*WHAT YOU ARE ASKED TO DO:* Would you copy exactly the lines in the data below from the one that has "Used BAIC Weiwang" through the one that has "Controle financeiro simples", dropping any pictures?

*AVAILABLE DATA:*
━━━━━━━━━━━━━━━━━━━━
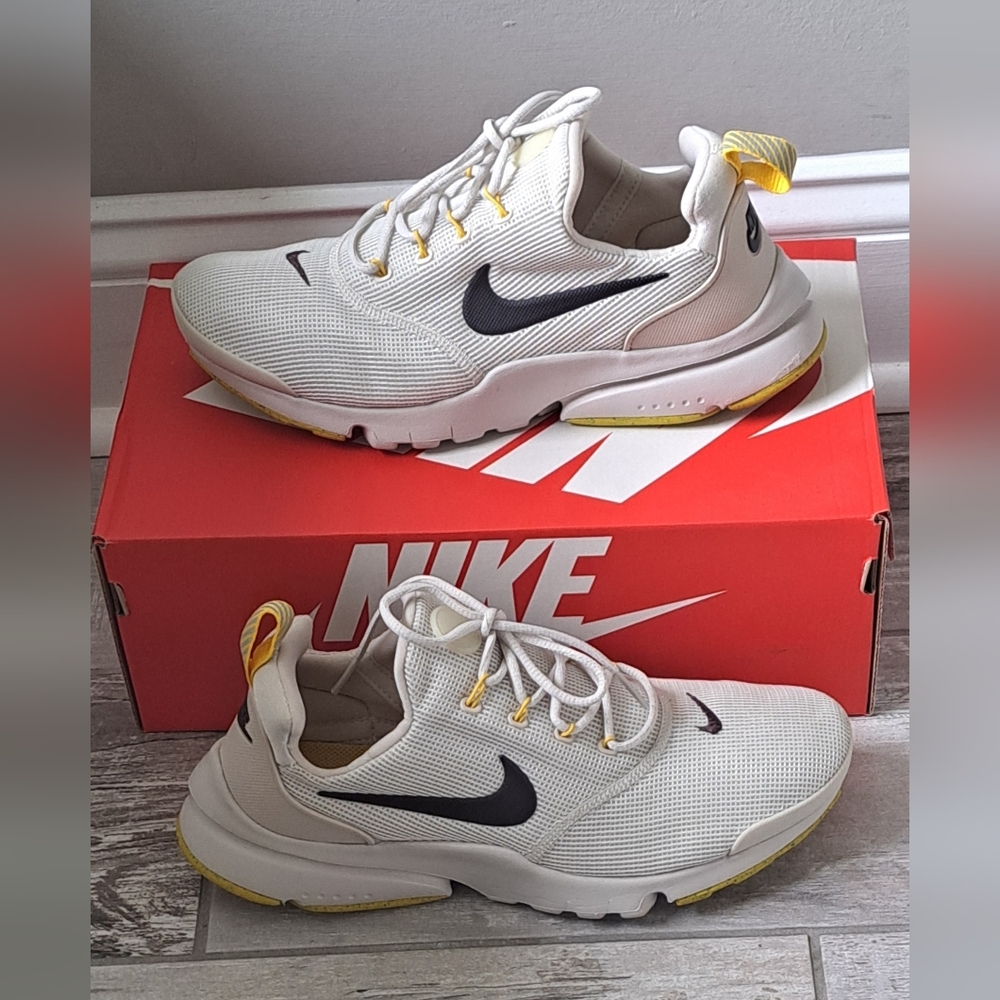 Nike Light Bone/Velvet Brown Presto Fly GS Boys Shoes 7Y Equivalent Women's 8.5
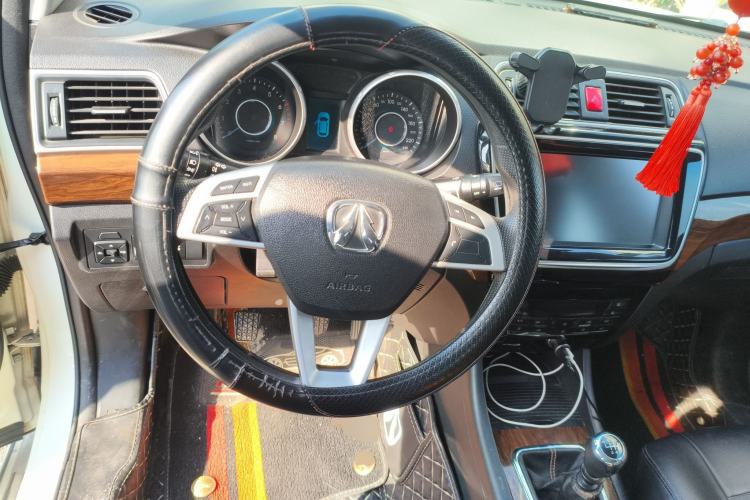 Used BAIC Weiwang S50 2016 1.5T Manual Happy Motion Superior Edition Steering Wheel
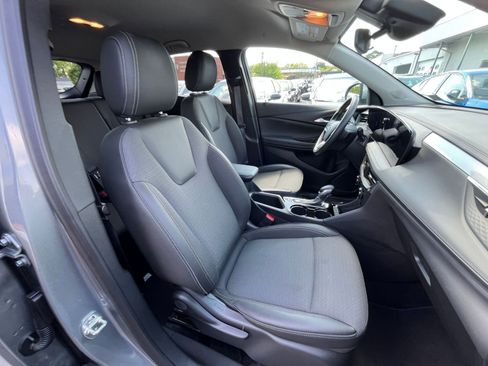 Used 2025 Buick Encore GX Preferred AWD/4WD image 33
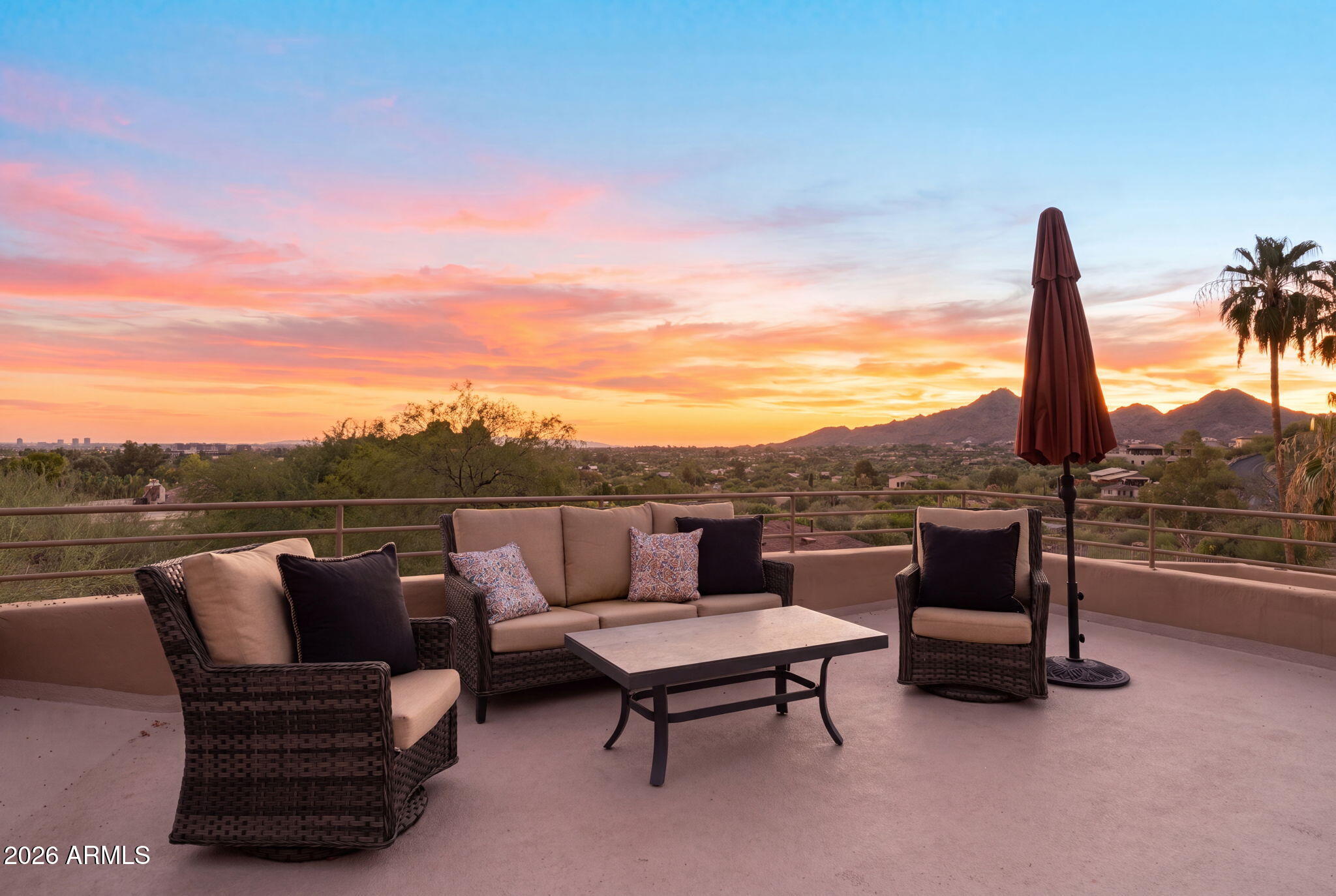 CAMELBACK CANYON - Residential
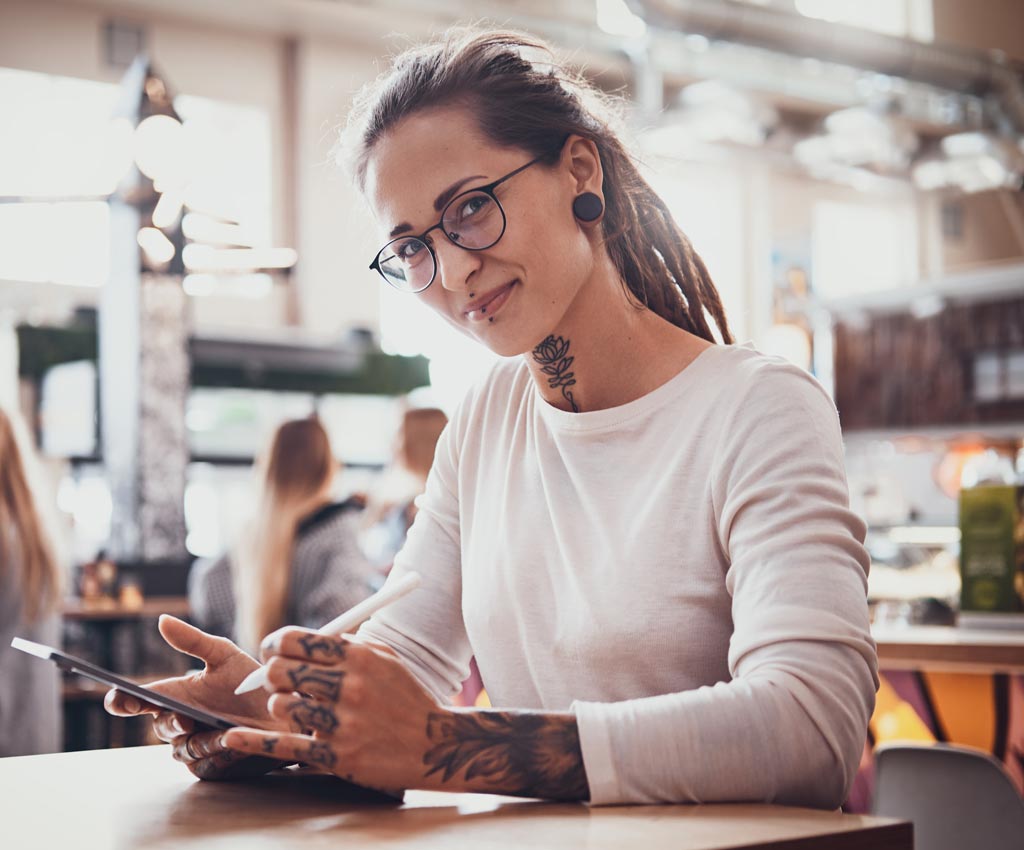 Controle financeiro simples para pessoas, pequenas e médias empresas.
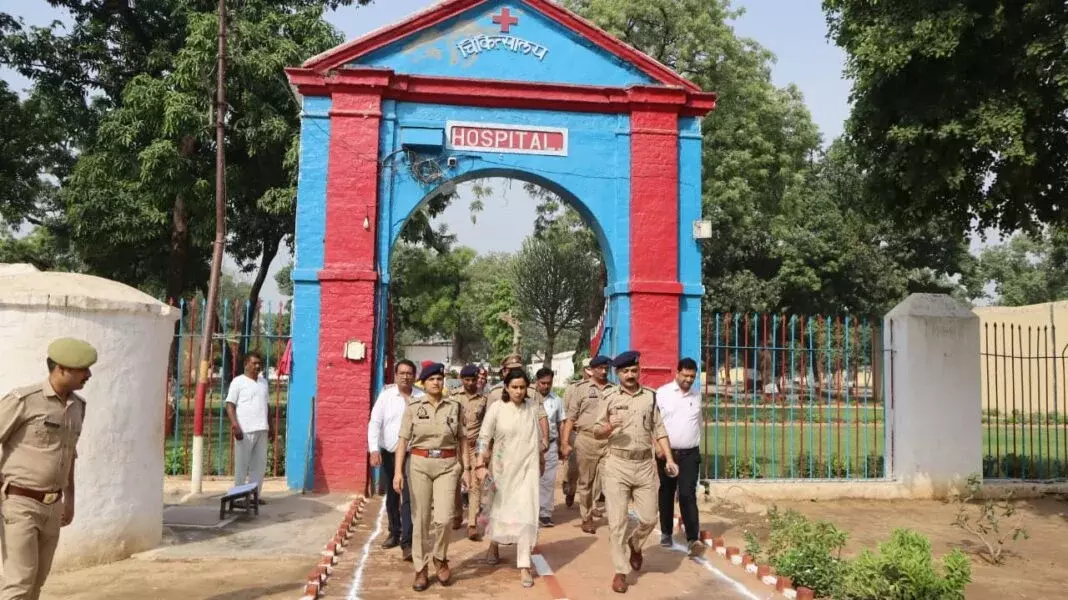 Farrukhabad: जिला अधिकारी व एसपी ने कारागारों का निरीक्षण किया Farrukhabad: जिला अधिकारी व एसपी ने कारागारों का निरीक्षण किया
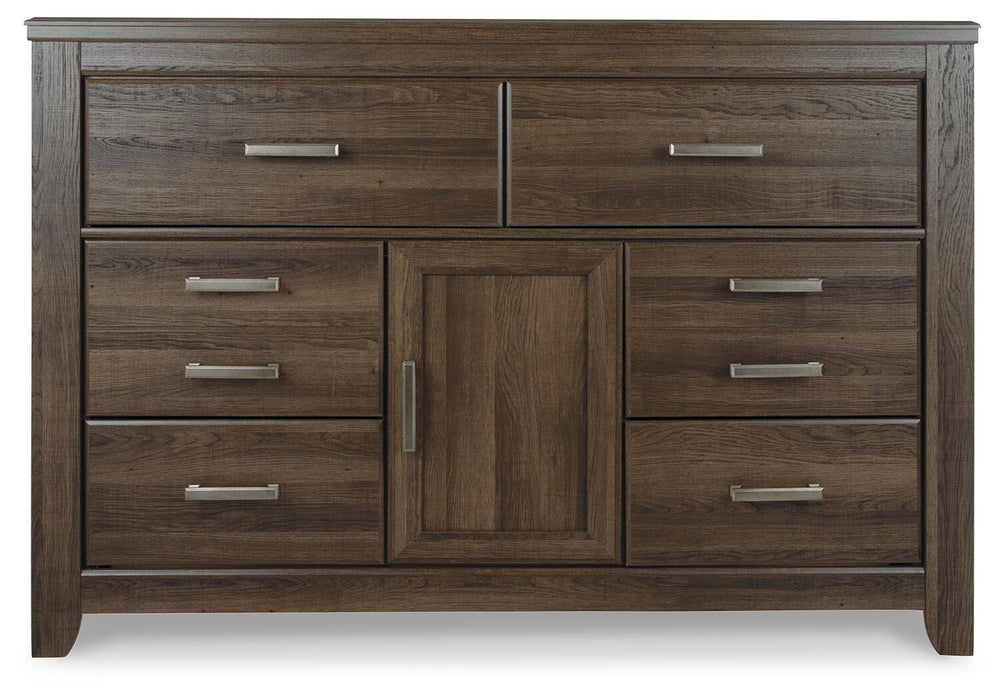 Juararo Dresser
━━━━━━━━━━━━━━━━━━━━
*RESULT BELOW:*
 Used BAIC Weiwang S50 2016 1.5T Manual Happy Motion Superior Edition Steering Wheel
 Used 2025 Buick Encore GX Preferred AWD/4WD image 33
 CAMELBACK CANYON - Residential
 Controle financeiro simples para pessoas, pequenas e médias empresas.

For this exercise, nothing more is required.